(Records to process begins)
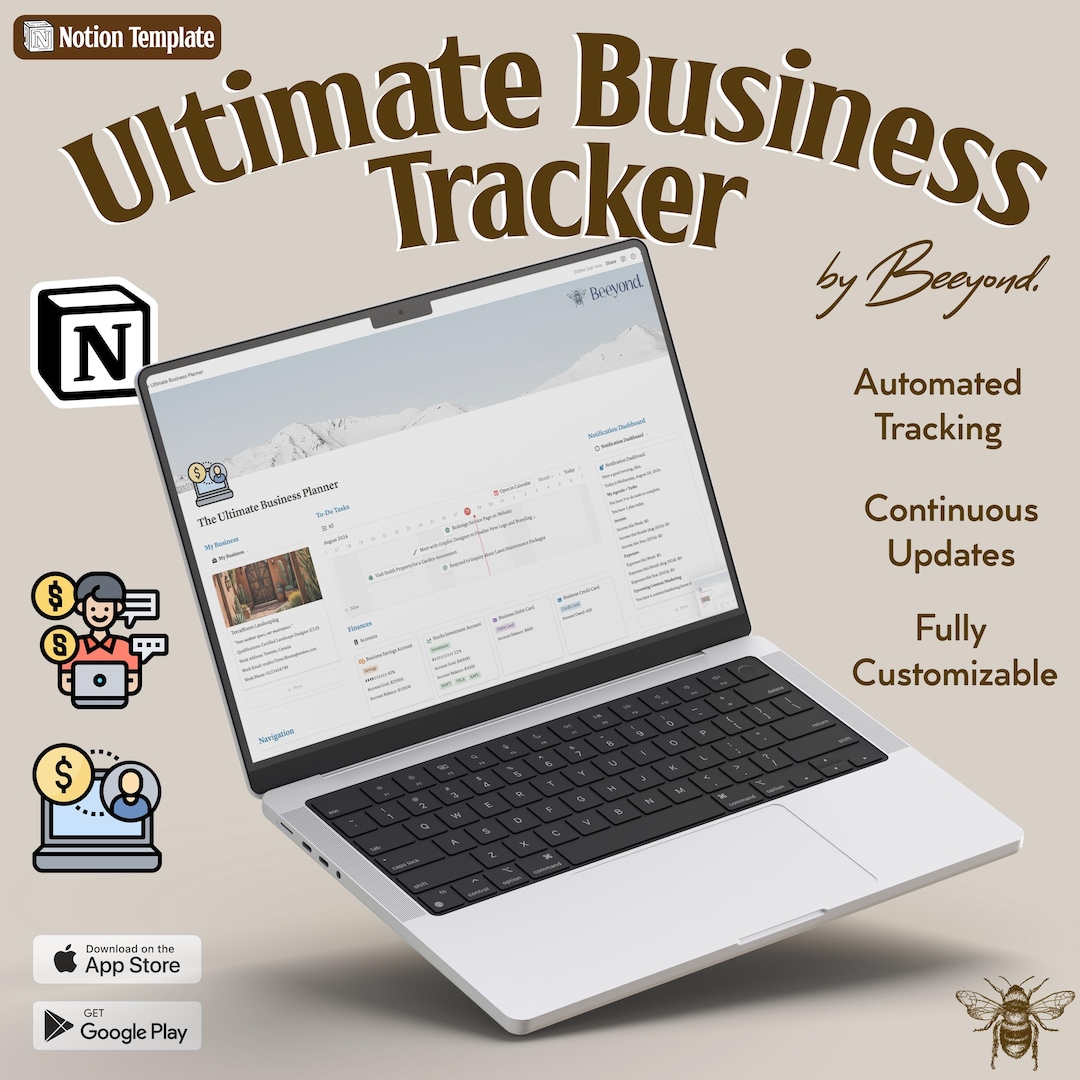 Notion Template Business Planner CRM Notion Business Dashboard Notion ...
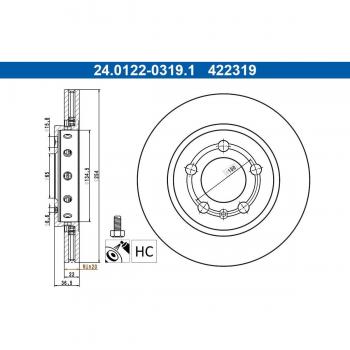 Brake Disc ATE 24012203191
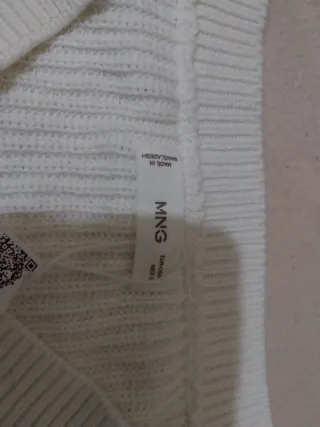 Jersey Mango Rayas gris   y Blanco Talla M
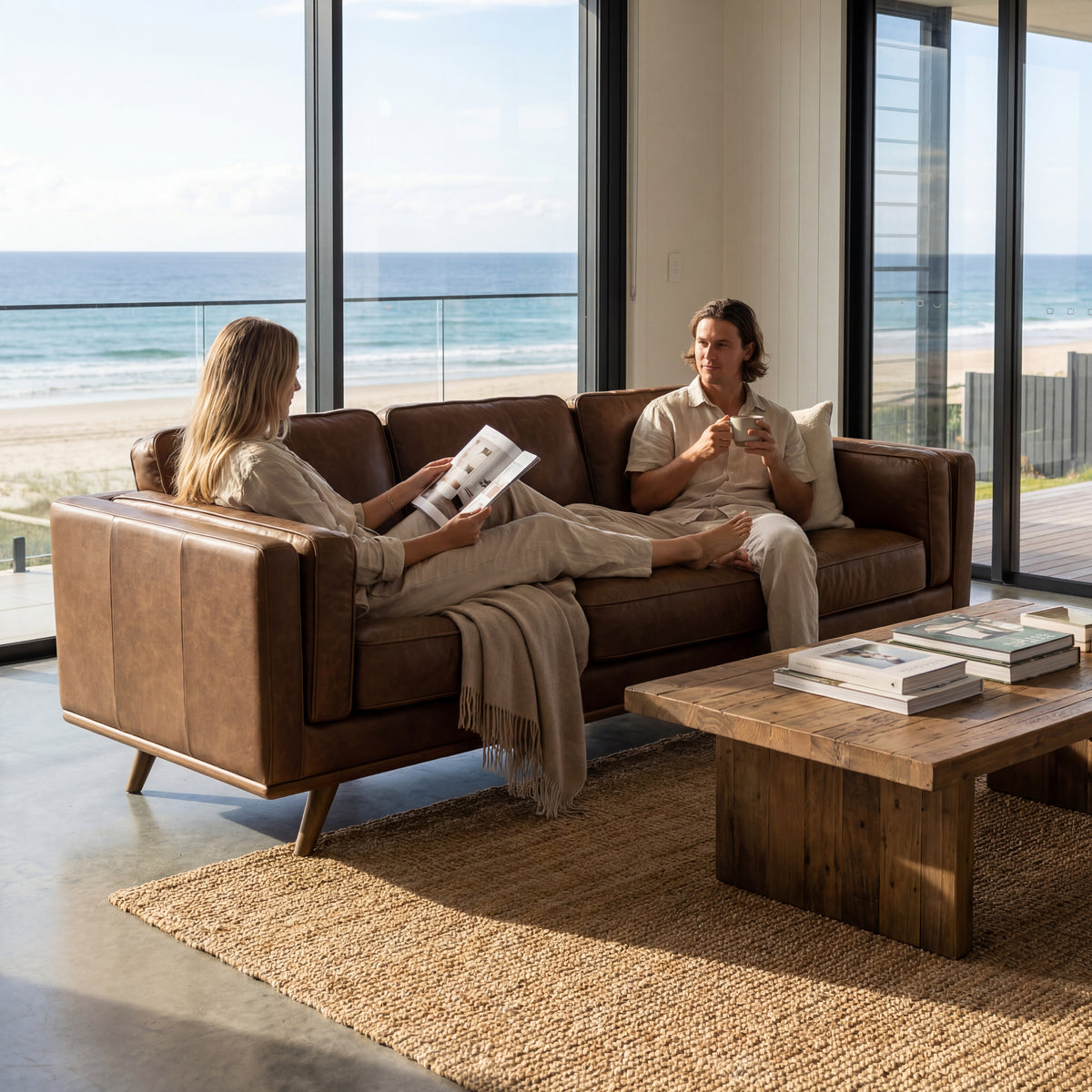 Monroe Leather Sofa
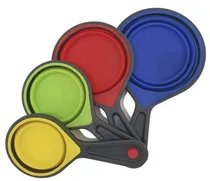 Comprar Tazas Medidoras De Silicón - Tazas Medidoras Retráctiles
(Records to process ends)
Could the data above be reproduced exactly, with the pictures left out?

 Notion Template Business Planner CRM Notion Business Dashboard Notion ...
 Brake Disc ATE 24012203191
 Jersey Mango Rayas gris   y Blanco Talla M
 Monroe Leather Sofa
 Comprar Tazas Medidoras De Silicón - Tazas Medidoras Retráctiles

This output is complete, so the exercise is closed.